GPTree#

Module contents#

A decision tree classifier employing LLMs for dynamic feature generation.

Each node uses language models to generate contextual questions and evaluate answers, enabling adaptive tree construction for classification tasks.

class GPTree(qgen_llmc, critic_llmc, qgen_instr_llmc, qanswer_llmc=None, qgen_temperature=0.0, critic_temperature=0.0, qgen_instr_gen_temperature=0.0, qanswer_temperature=0.0, criterion='gini', max_depth=None, max_node_width=3, min_samples_leaf=1, llm_semaphore_limit=5, min_question_candidates=3, max_question_candidates=10, expert_advice=None, n_samples_as_context=30, class_ratio='balanced', use_critic=False, save_path=None, name=None, random_state=None)#

Bases: object

LLM based decision tree classifier.

Note that GPTree auto saves the tree after each node is built.

Parameters:
classmethod load(path)#

Load a GPTree from saved state.

Parameters:

path (str | PathLike[str]) – Directory containing “gptree.json” or the JSON file directly.

Return type:

GPTree

Returns:

Reconstructed GPTree instance.

advice(advice)#

Set context/advice for question generations.

Parameters:

advice (str | None) – The advice to set. If None, the advice is cleared.

Return type:

Literal['Advice taken', 'Advice cleared']

Returns:

“Advice taken” if advice is set, “Advice cleared” if advice is cleared.

async fit(X=None, y=None, *, copy_data=True, reset=False)#

Train or resume tree construction as an async generator.

Parameters:
  • X (DataFrame | None) – Training features. Required on first run or with reset=True.

  • y (Optional[Sequence[str]]) – Training labels. Required on first run or with reset=True.

  • copy_data (bool) – Whether to copy input data.

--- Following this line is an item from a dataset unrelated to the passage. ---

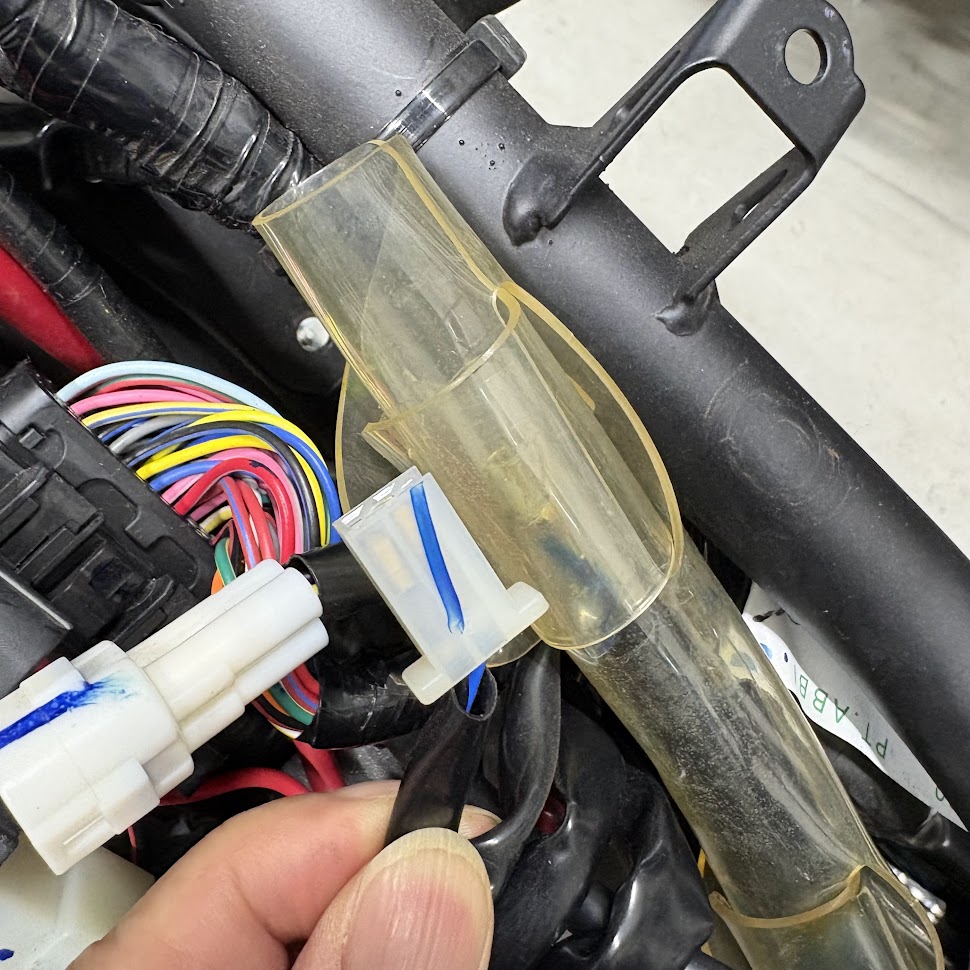 リアフェンダーを外したあと、車体側のハーネスに残るナンバー灯の白い2極カプラー。青い合いマークが入っている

  • reset (bool) – Clear existing state and restart from root.

Yields:

Node – Updated nodes during tree construction.

Raises:

ValueError – If data requirements aren’t met or invalid reset usage.

Return type:

AsyncGenerator[Node, None]

get_node(node_id)#

Get the node by id.

Return type:

Node | None

Parameters:

node_id (int)

get_questions()#

Get all questions generated in the tree.

Return type:

DataFrame | None

get_root_id()#

Get the root node id.

Return type:

int | None

get_training_data()#

Get the training data.

Return type:

DataFrame | None

async predict(samples)#

Predict labels for samples with concurrent processing.

Parameters:

samples (DataFrame) – DataFrame with single column matching training data format.

Yields:

Tuple of (sample_index, question, answer, node_id, token_usage)

Return type:

AsyncGenerator[Tuple[int, str, str, int, TokenCounter], None]

prune_tree(node_id)#

Prune the tree from the node with the given ID.

Parameters:

node_id (int) – The ID of the node to prune.

Raises:
  • ValueError – If the node with the given ID is not found on the tree.

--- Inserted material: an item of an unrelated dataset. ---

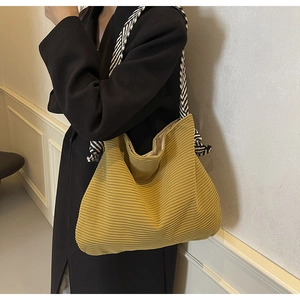 Detail of ginger yellow corduroy tote bag featuring black and white woven rope strap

  • ValueError – If the node with the given ID is a leaf node.

Return type:

None

async resume_fit(node_id)#

Enqueue a node to resume (re)building its subtree from current data.

Typical usage:
  • Call prune_tree(node_id) to clear the subtree

  • await resume_fit(node_id) to continue building from that node

Parameters:

node_id (int) – The ID of the node to resume building from.

Yields:

Node – Updated nodes during tree construction.

Raises:
  • ValueError – If the node with the given ID is not found on the tree.

  • ValueError – If the tree has no training data loaded.

Return type:

AsyncGenerator[Node, None]

save(dir_path=None, for_production=False)#

Save model config to JSON and dataframes to parquet in a directory.

If dir_path is None, uses <self.save_path>/<self.name>. If for_production is True, does not save the training dataframe.

Parameters:
  • dir_path (str | PathLike[str] | None) – The directory to save the tree to.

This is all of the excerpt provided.